Creating Categories from Numeric Data

Let's have a look at our dataframe.

In [313]:
df
Out[313]:
dice color grade
r0 5 g low
r1 6 r high
r2 1 b med
r3 4 g low
r4 4 b med
r5 4 b med
r6 2 r high
r7 4 g low
r8 6 g low
r9 3 g low
r10 5 g low
r11 1 r high

Let's drop the series df.grade and instead create a new grade series based on the numeric data in dice.

In [314]:
df=df.drop(columns='grade')
In [315]:
df
Out[315]:
dice color
r0 5 g
r1 6 r
r2 1 b
r3 4 g
r4 4 b
r5 4 b
r6 2 r
r7 4 g
r8 6 g
r9 3 g
r10 5 g
r11 1 r

We want to create 3 grades from the numeric data in dice. Because we have n grades, we need n+1 boundaries. The list is excusive of the lower bound and inclusive of the upper bound i.e. 0 to 2 (excluding 0 and including 2], 2 to 4 (excluding 2 and including 4], 4 to 6 (excluding 4 and including 6]. Note the categories are seperated by < indicating they are ordered.

In [316]:
bins=[0,2,4,6]
pd.cut(df.dice,bins)
Out[316]:
r0     (4, 6]
r1     (4, 6]
r2     (0, 2]
r3     (2, 4]
r4     (2, 4]
r5     (2, 4]
r6     (0, 2]
r7     (2, 4]
r8     (4, 6]
r9     (2, 4]
r10    (4, 6]
r11    (0, 2]
Name: dice, dtype: category
Categories (3, interval[int64]): [(0, 2] < (2, 4] < (4, 6]]
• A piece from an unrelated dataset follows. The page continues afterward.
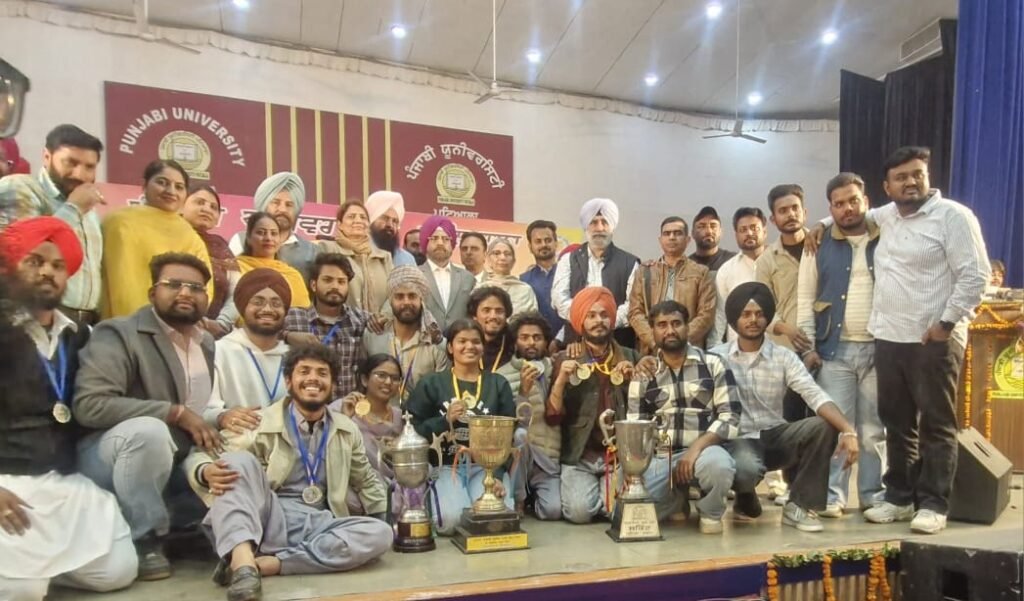 Rupnagar, 24th November: Inter Regional Youth and People's Fair of Punjabi University, Patiala. Government College Ropar has got the honor of winning the overall theater trophy in 2017.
We can assign the output to a enw series using square brackets.

In [317]:
df['grade']=pd.cut(df.dice,bins)
In [318]:
df
Out[318]:
dice color grade
r0 5 g (4, 6]
r1 6 r (4, 6]
r2 1 b (0, 2]
r3 4 g (2, 4]
r4 4 b (2, 4]
r5 4 b (2, 4]
r6 2 r (0, 2]
r7 4 g (2, 4]
r8 6 g (4, 6]
r9 3 g (2, 4]
r10 5 g (4, 6]
r11 1 r (0, 2]
In [319]:
oldcats=df.grade.cat.categories
newcats=['low','med','high']
renamecats=dict(zip(oldcats,newcats))
df.grade=df.grade.cat.rename_categories(renamecats)
In [320]:
df
Out[320]:
dice color grade
r0 5 g high
r1 6 r high
r2 1 b low
r3 4 g med
r4 4 b med
r5 4 b med
r6 2 r low
r7 4 g med
r8 6 g high
r9 3 g med
r10 5 g high
r11 1 r low
In [321]:
df.grade
Out[321]:
r0     high
r1     high
r2      low
r3      med
r4      med
r5      med
r6      low
r7      med
r8     high
r9      med
r10    high
r11     low
Name: grade, dtype: category
Categories (3, object): ['low' < 'med' < 'high']
In [322]:
df.grade=df.grade

Grouping by Category

We can create a groupby object using the dataframe method groupby. If we call this using open parenthesis we can see details about the input arguments. The default value for the keyword argument axis is 0 meaning the method will act on grouping rows in an individual column. The keyword input argument by (which also acts as a positional input argument) can therefore be used to select a column.

df_groupby

In [323]:
df.groupby(by='color')
Out[323]:
<pandas.core.groupby.generic.DataFrameGroupBy object at 0x000001E3266F53A0>

The output displays information tell us this is an object assigned to a specific location in memory. To inspect it in more detail I will assigned it to a new object name:

In [324]:
gbo=df.groupby(by='color')

If we type in the groupby object name followed by a dot . and then a tab ↹, a list of attributes and methods will display:

gbo_methods_attributes

If we select the method count. To get details about the input arguments type in the method and press shift ⇧ and tab ↹. We see there are no input arguments.

gbo_method_count

In [325]:
gbo.count()
Out[325]:
dice grade
color
b 3 3
g 6 6
r 3 3

Let's compare this with the dataframe.

In [326]:
df
Out[326]:
dice color grade
r0 5 g high
r1 6 r high
r2 1 b low
r3 4 g med
r4 4 b med
r5 4 b med
r6 2 r low
r7 4 g med
r8 6 g high
r9 3 g med
r10 5 g high
r11 1 r low

In the series df.color the value 'b' shows in 'r2', 'r4' and 'r5' i.e. 3 times.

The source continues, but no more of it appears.